Chronic myeloid leukaemia C92.10; C92.2; C93.1;

Chronic myeloid leukemia (CML) is based on a malignant degeneration of the pluripotent stem cell of the bone marrow. The disease requires about 6 years from the initiating bcr-abl translocation (gene fusion), through a multistage course with the stable chronic phase, which can be easily influenced therapeutically, the acceleration phase and the blast phase until the diagnosis is made.

The excessively produced granulocytes of CML are functional (in contrast to the immature cell blasts of acute leukemia). The introduction of imatinib provided a major breakthrough in the treatment of CML. In all prognosis groups and at all ages, a clear superiority of imatinib over IFN-based therapy was observed and the long-term survival of CML patients of all ages was significantly improved (Hehlmann R et al. 2007).

The incidence of CML is about 1.2 to 1.5/100,000 inhabitants per year. In Germany, about 1,000 to 1,200 patients are diagnosed annually, in Switzerland and Austria about 100-120 patients per year.

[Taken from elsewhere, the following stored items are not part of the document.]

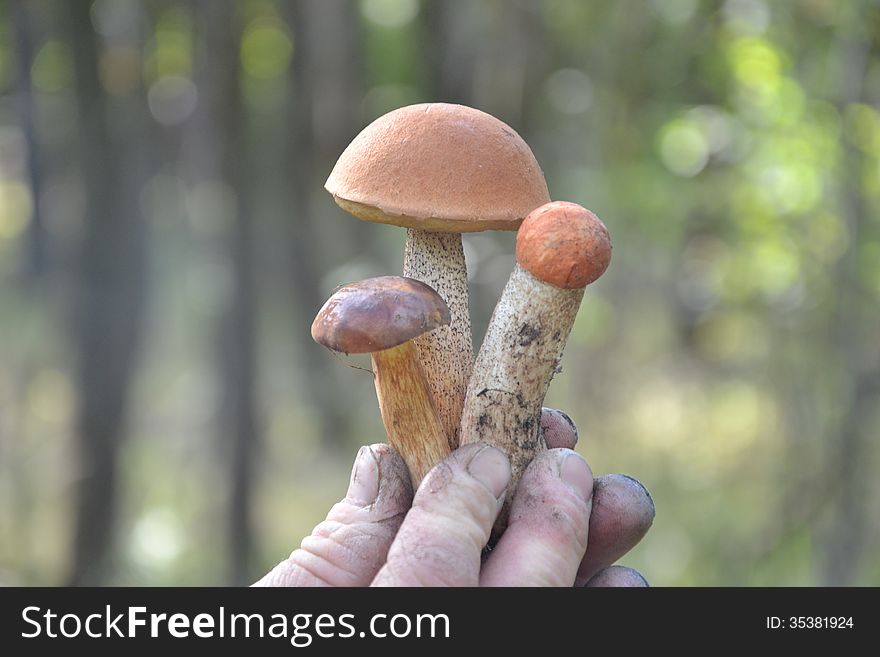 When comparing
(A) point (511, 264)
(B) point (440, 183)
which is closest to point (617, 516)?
(B) point (440, 183)

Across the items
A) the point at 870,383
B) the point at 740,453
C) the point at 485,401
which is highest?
the point at 740,453

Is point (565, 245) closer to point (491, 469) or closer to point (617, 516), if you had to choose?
point (491, 469)

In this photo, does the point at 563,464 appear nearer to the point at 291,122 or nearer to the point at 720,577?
the point at 720,577

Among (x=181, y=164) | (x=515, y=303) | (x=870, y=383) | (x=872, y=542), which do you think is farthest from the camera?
(x=181, y=164)

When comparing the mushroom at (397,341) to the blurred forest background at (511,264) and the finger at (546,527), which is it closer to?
the finger at (546,527)

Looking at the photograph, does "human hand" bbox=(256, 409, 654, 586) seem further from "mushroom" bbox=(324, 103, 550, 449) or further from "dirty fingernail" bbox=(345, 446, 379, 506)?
"mushroom" bbox=(324, 103, 550, 449)

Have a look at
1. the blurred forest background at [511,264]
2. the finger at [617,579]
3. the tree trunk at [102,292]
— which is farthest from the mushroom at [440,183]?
the tree trunk at [102,292]

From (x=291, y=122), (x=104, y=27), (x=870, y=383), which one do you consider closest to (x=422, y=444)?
(x=870, y=383)

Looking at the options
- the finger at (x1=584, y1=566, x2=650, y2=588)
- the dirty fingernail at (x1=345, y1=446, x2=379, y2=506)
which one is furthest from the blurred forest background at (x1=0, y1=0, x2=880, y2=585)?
the dirty fingernail at (x1=345, y1=446, x2=379, y2=506) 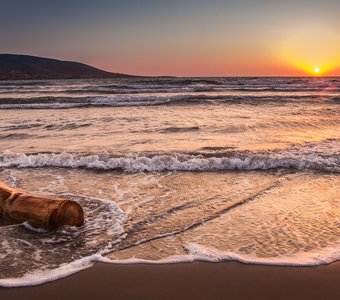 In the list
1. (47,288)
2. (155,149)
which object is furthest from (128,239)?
(155,149)

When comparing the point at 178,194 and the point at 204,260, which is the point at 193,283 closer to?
the point at 204,260

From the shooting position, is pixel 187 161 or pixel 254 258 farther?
pixel 187 161

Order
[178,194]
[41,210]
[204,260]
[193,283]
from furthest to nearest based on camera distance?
[178,194]
[41,210]
[204,260]
[193,283]

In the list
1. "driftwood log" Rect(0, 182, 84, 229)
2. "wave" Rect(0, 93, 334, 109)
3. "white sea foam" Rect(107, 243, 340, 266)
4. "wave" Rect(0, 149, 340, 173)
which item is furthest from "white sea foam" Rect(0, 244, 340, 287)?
"wave" Rect(0, 93, 334, 109)

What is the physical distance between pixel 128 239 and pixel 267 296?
180 centimetres

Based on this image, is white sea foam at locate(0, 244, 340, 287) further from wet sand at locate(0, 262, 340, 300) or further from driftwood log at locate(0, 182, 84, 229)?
driftwood log at locate(0, 182, 84, 229)

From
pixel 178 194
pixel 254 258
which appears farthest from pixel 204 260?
pixel 178 194

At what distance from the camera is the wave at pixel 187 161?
8.20 m

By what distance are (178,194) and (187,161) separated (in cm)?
200

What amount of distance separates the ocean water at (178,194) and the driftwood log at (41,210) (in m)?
0.11

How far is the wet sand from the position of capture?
3463 mm

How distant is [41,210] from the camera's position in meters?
4.85

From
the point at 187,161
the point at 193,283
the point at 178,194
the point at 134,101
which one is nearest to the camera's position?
the point at 193,283

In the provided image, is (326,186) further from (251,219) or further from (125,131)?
(125,131) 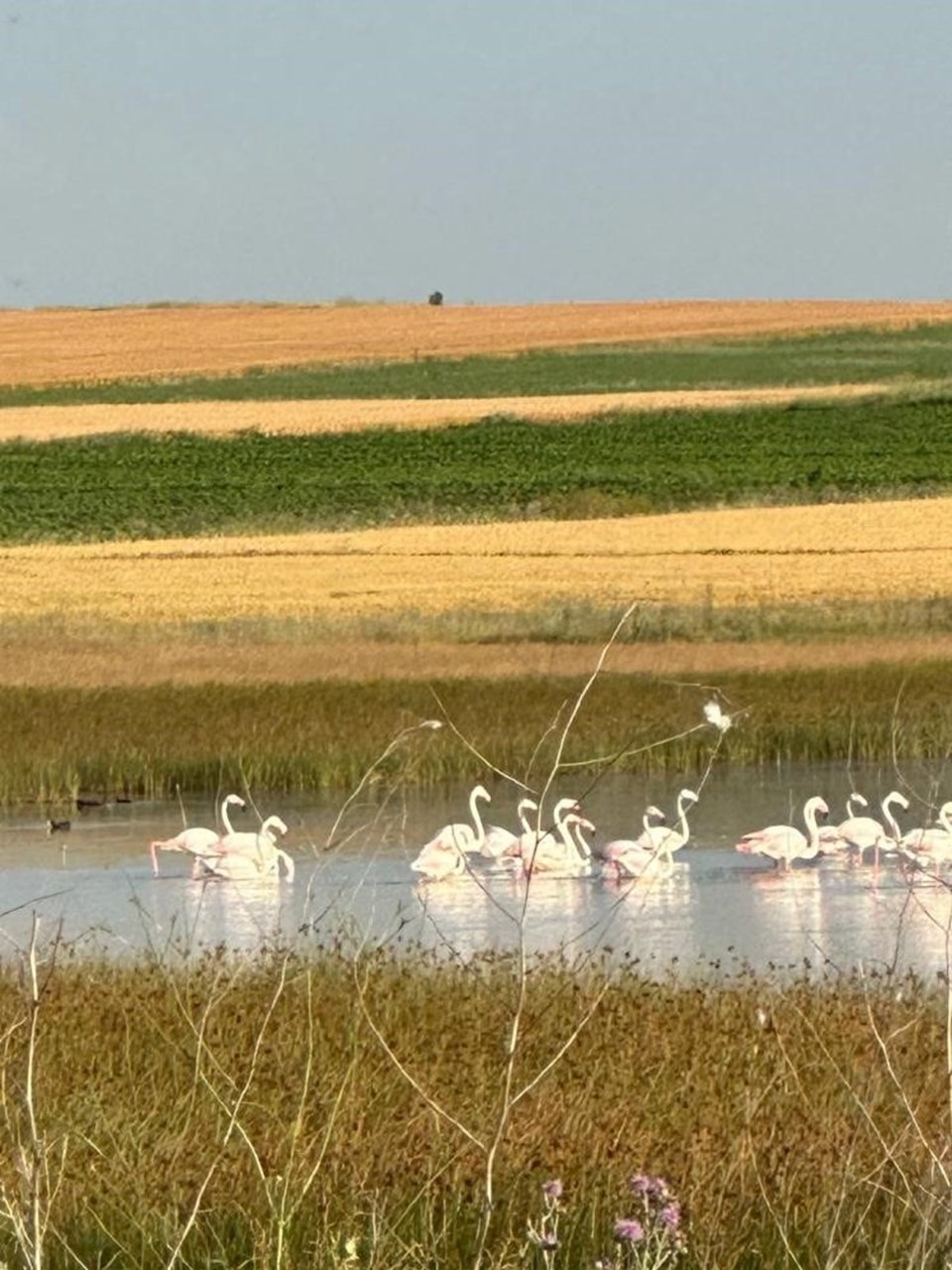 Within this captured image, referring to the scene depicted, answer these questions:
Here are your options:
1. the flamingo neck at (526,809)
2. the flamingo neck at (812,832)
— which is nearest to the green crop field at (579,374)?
the flamingo neck at (812,832)

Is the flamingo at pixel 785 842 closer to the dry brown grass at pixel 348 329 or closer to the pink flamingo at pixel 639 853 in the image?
the pink flamingo at pixel 639 853

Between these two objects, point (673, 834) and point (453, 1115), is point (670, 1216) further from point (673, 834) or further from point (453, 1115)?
point (673, 834)

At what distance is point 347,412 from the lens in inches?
2601

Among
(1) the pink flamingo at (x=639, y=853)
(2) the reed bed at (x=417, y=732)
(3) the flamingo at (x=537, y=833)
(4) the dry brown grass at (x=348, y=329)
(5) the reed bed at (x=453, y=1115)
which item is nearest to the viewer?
(3) the flamingo at (x=537, y=833)

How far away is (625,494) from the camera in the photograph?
158 feet

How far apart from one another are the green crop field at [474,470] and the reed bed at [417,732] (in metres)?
22.8

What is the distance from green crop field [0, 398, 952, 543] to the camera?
47.0 metres

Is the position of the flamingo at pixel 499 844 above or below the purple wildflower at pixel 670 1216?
below

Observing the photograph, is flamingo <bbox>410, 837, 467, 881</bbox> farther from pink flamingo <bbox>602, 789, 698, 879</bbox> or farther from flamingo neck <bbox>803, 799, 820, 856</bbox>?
flamingo neck <bbox>803, 799, 820, 856</bbox>

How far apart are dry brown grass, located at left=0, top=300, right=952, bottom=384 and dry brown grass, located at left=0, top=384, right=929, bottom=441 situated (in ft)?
41.7

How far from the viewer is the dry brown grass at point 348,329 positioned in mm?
85062

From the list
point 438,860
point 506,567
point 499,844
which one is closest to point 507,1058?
point 438,860

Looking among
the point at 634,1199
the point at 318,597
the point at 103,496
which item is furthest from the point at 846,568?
the point at 634,1199

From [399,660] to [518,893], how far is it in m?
11.4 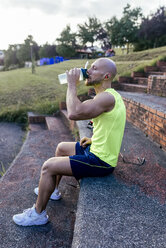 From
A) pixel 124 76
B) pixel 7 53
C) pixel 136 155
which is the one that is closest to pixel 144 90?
pixel 124 76

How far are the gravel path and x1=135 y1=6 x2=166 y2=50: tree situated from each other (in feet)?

Over 95% of CML patients have a specific chromosomal aberration, the translocation t(9;22)(q34;q11) with the characteristic Philadelphia chromosome, 22q-. The translocation inserts the Abelson (ABL) tyrosine kinase gene into the breakpoint cluster region (BCR) gene region. A fusion protein, BCR-ABL1, with constitutive tyrosine kinase activity is formed. The BCR-ABL1 fusion protein is responsible for the oncogenic transformation of the affected hematopoietic stem cell.

Men are affected slightly more often than women. CML occurs in all age groups, the disease peak is at 55-60 years. CML is very rare in children. Approximately 15 to 20 patients aged up to 18 years with a median age of 12 years are newly diagnosed with CML in Germany each year. (Suttorp M et al (2018).

CML is a clonal myeloproliferative disease of a pluripotent hematopoietic stem cell. Prior to the use of tyrosine kinase inhibitors (TKIs), a three-stage natural history of the disease was observed in most patients.

The clinical course of CML can be divided into three phases:

• the chronic phase
• the accelerated phase and
• the blast crisis (Melo JV et al. 2007).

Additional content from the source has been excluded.